### Problem to work on
Please copy exactly the part of the records below that opens with the line containing "VIVO V7+: Mempunyai" and closes with the line containing "JillDeVriesPhotography-CovidBackyardWedding-23.jpg", leaving out any pictures.

### Excerpted records
____________________

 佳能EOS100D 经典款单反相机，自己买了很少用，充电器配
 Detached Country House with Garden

____________________

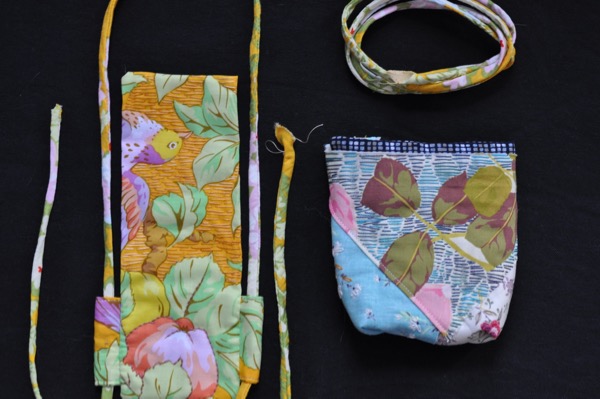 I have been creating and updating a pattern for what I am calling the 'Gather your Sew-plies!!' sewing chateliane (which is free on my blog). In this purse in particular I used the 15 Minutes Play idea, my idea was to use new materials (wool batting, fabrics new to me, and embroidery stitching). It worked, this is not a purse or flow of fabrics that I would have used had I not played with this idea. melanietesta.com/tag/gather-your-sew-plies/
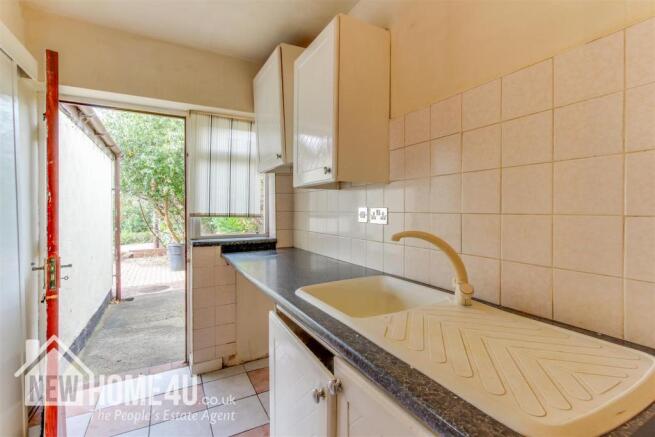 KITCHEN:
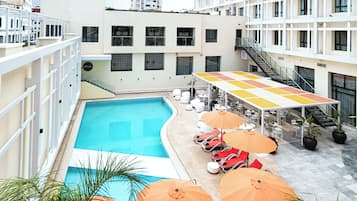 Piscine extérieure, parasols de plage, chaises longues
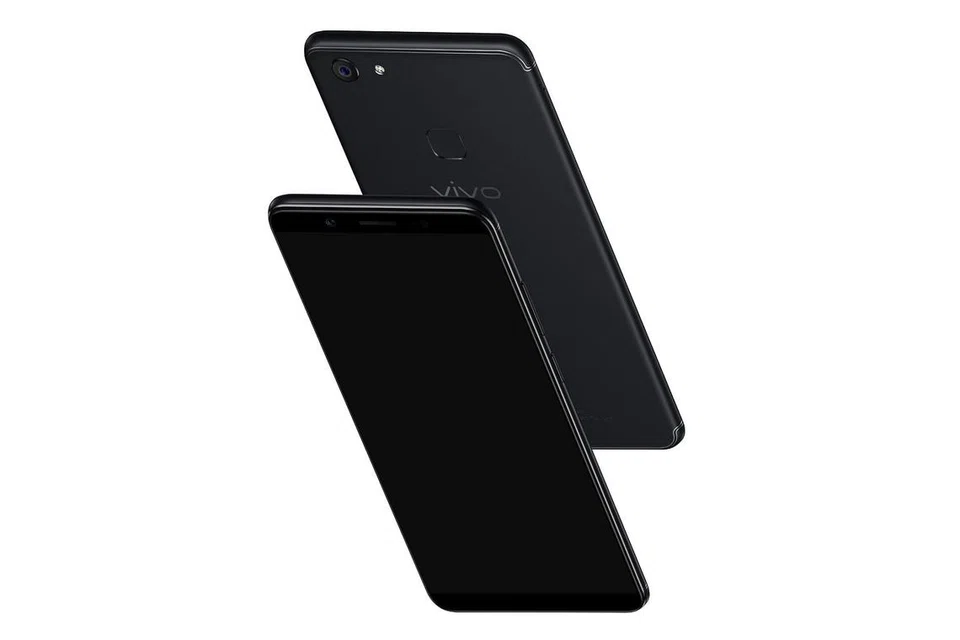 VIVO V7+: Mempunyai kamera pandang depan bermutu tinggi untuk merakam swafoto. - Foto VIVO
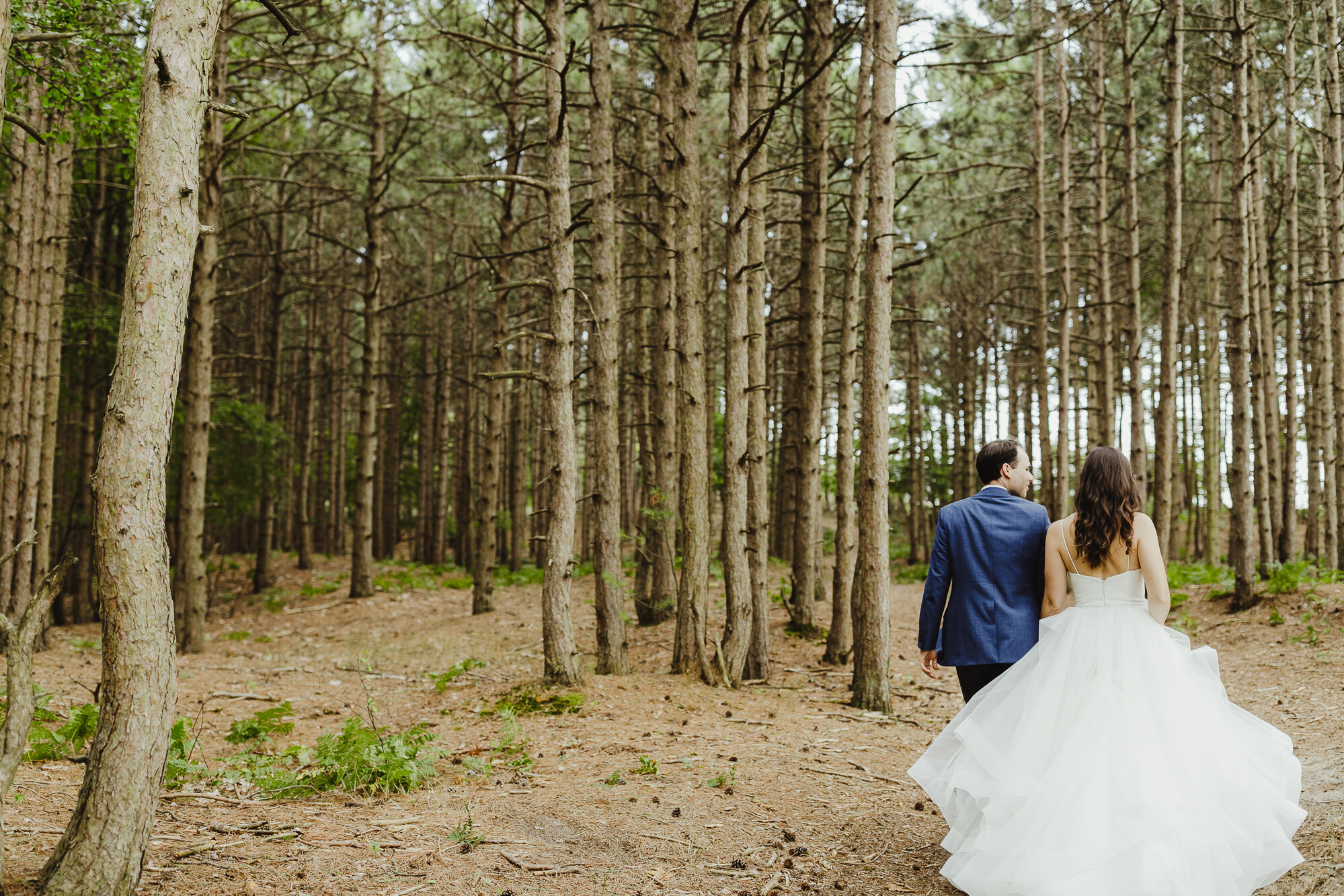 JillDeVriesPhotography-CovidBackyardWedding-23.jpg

____________________

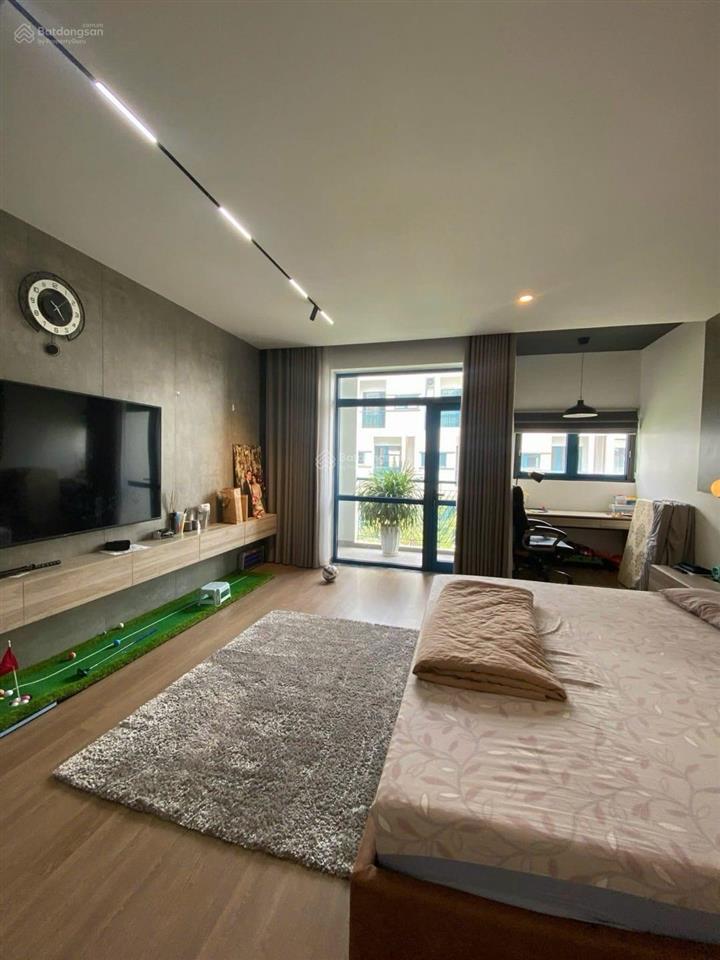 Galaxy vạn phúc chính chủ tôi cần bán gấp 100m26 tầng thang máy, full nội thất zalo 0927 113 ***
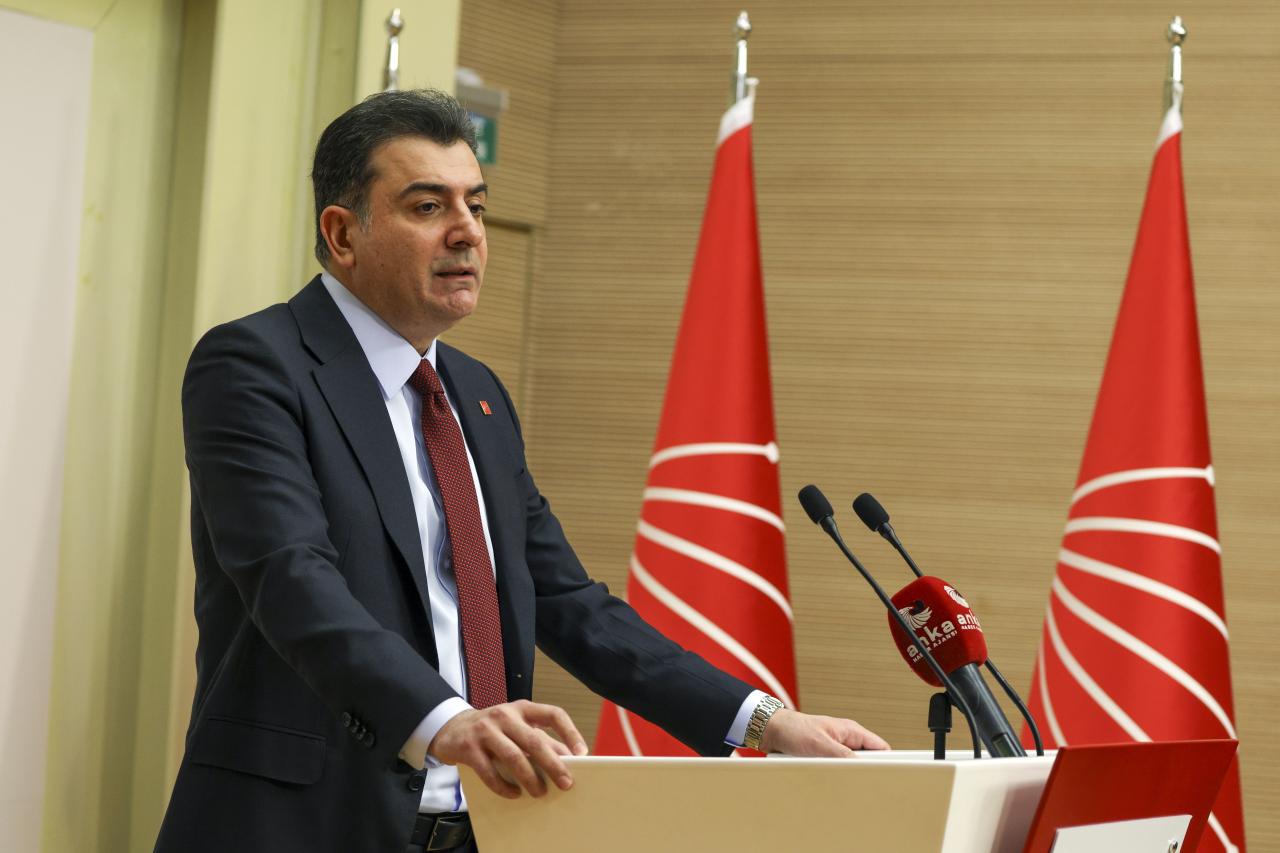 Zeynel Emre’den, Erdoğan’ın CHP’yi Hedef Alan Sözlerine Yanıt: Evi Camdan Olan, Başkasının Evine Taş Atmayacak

____________________

### Output for this task
 VIVO V7+: Mempunyai kamera pandang depan bermutu tinggi untuk merakam swafoto. - Foto VIVO
 JillDeVriesPhotography-CovidBackyardWedding-23.jpg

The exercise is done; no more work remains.